# Boards like the Capita DOA?



## Banni (Dec 17, 2013)

just finished my season in les duex alpes and had a wicked time. Been riding a neversummer evo 4 all season which has been savage and got everything i wanted out of it. Last day of the season swapped with a mate and rode his Defender of awesome board and i have to say it was sick. Being a lot stiffer and having the camber/flat profile was a really great feel to it that i wasnt use too. Looking to get something along these lines more pop, stiffer but still very playful. The DOA was perfect (except for its horrific graphic), the evo 4 wasnt quite stiff or aggressive enough for the bigger kickers or heavy powder days. Any other boards similar to the DOA that i should take a look at? cheers guys & girls

p.s excuse any spelling mistakes im heavily dyslexic


----------



## Extazy (Feb 27, 2014)

Long methods with high air are the best!


----------



## alchemy (Apr 28, 2014)

Banni said:


> The DOA was perfect (*except for its horrific graphic*),


blasphemy.

I would also check out the Rome Mod (Camber), Burton Process Off-Axis, or Slash ATV.


----------



## RIDERUK (Oct 22, 2014)

Banni said:


> just finished my season in les duex alpes and had a wicked time. Been riding a neversummer evo 4 all season which has been savage and got everything i wanted out of it. Last day of the season swapped with a mate and rode his Defender of awesome board and i have to say it was sick. Being a lot stiffer and having the camber/flat profile was a really great feel to it that i wasnt use too. Looking to get something along these lines more pop, stiffer but still very playful. The DOA was perfect (except for its horrific graphic), the evo 4 wasnt quite stiff or aggressive enough for the bigger kickers or heavy powder days. Any other boards similar to the DOA that i should take a look at? cheers guys & girls
> 
> p.s excuse any spelling mistakes im heavily dyslexic


Love L2A! Have thought about doing a season there but wasn't sure if I may get bored (I know I know, pathetic) of the ski area. Hit every run in resort many times in a 10-day trip. Good park though. How'd you like it?

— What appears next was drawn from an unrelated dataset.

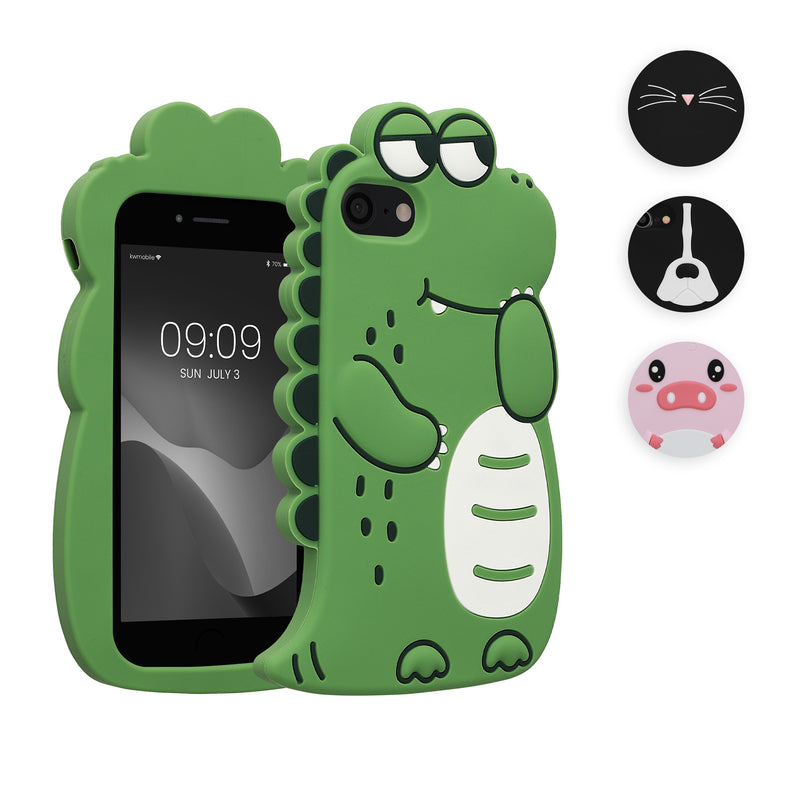 kwmobile Schutzhülle kompatibel mit Apple iPhone SE (2022) / iPhone SE (2020) / iPhone 8 / iPhone 7 - Hülle Handy - Handyhülle - Silikon Cover Case Süßer Dinosaurier Schwarz Weiß Grün Schwarz  [dsg04]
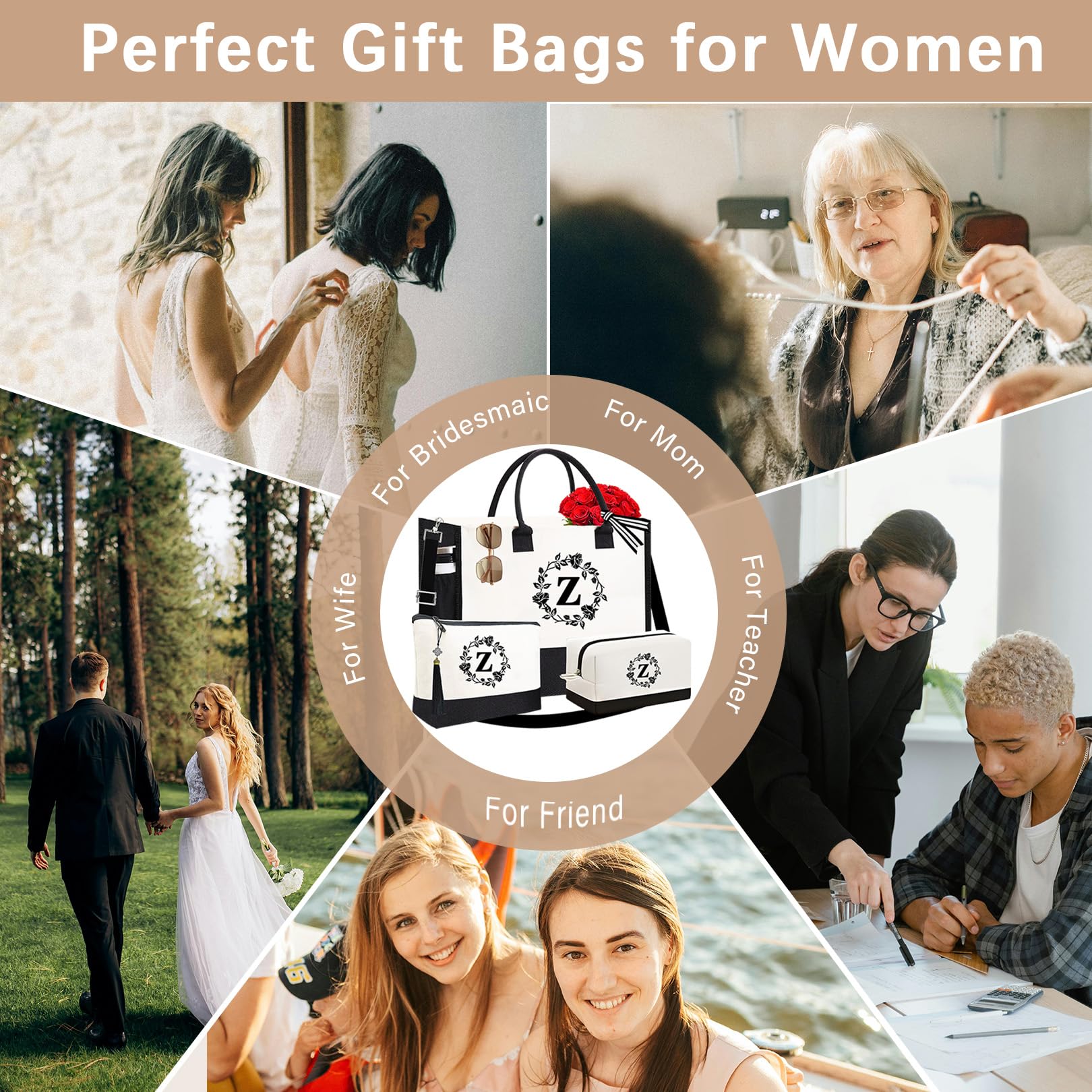 Adyoung Personalized Monogram Tote Bags for Women - 3PCS Custom Initial Canvas Tote Bags Set, Perfect Birthday Gifts, Work, Travel & Shopping Tote Bags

Boards: Yes the greats, endeavour live, salomon assassin, k2 happy hour.
All in a pretty similar vein - all mountain freestyle.

I'm personally debating between the assassin and the greats (very tempted by DOA)


----------



## handsomehwang (Apr 3, 2013)

RIDERUK said:


> Love L2A! Have thought about doing a season there but wasn't sure if I may get bored (I know I know, pathetic) of the ski area. Hit every run in resort many times in a 10-day trip. Good park though. How'd you like it?
> 
> Boards: Yes the greats, endeavour live, salomon assassin, k2 happy hour.
> All in a pretty similar vein - all mountain freestyle.
> ...


What's with the poll?? 

Have both the Greats and DOA cause I got both on good deals. I've only ridden the DOA once since I just got it. The Greats is stiffer between the feet and torsionally but softens up along the tips. The DOA is softer overall. Both have good pop and I wouldn't say one is better than the other. Both can butter about the same. The DOA is a little looser/playful while the Greats is a bit more aggressive. The Greats floats a little better and is a little more stable at speed. I don't really park much so no opinion there. Really can't go wrong with either and just depends on what type of a ride you prefer.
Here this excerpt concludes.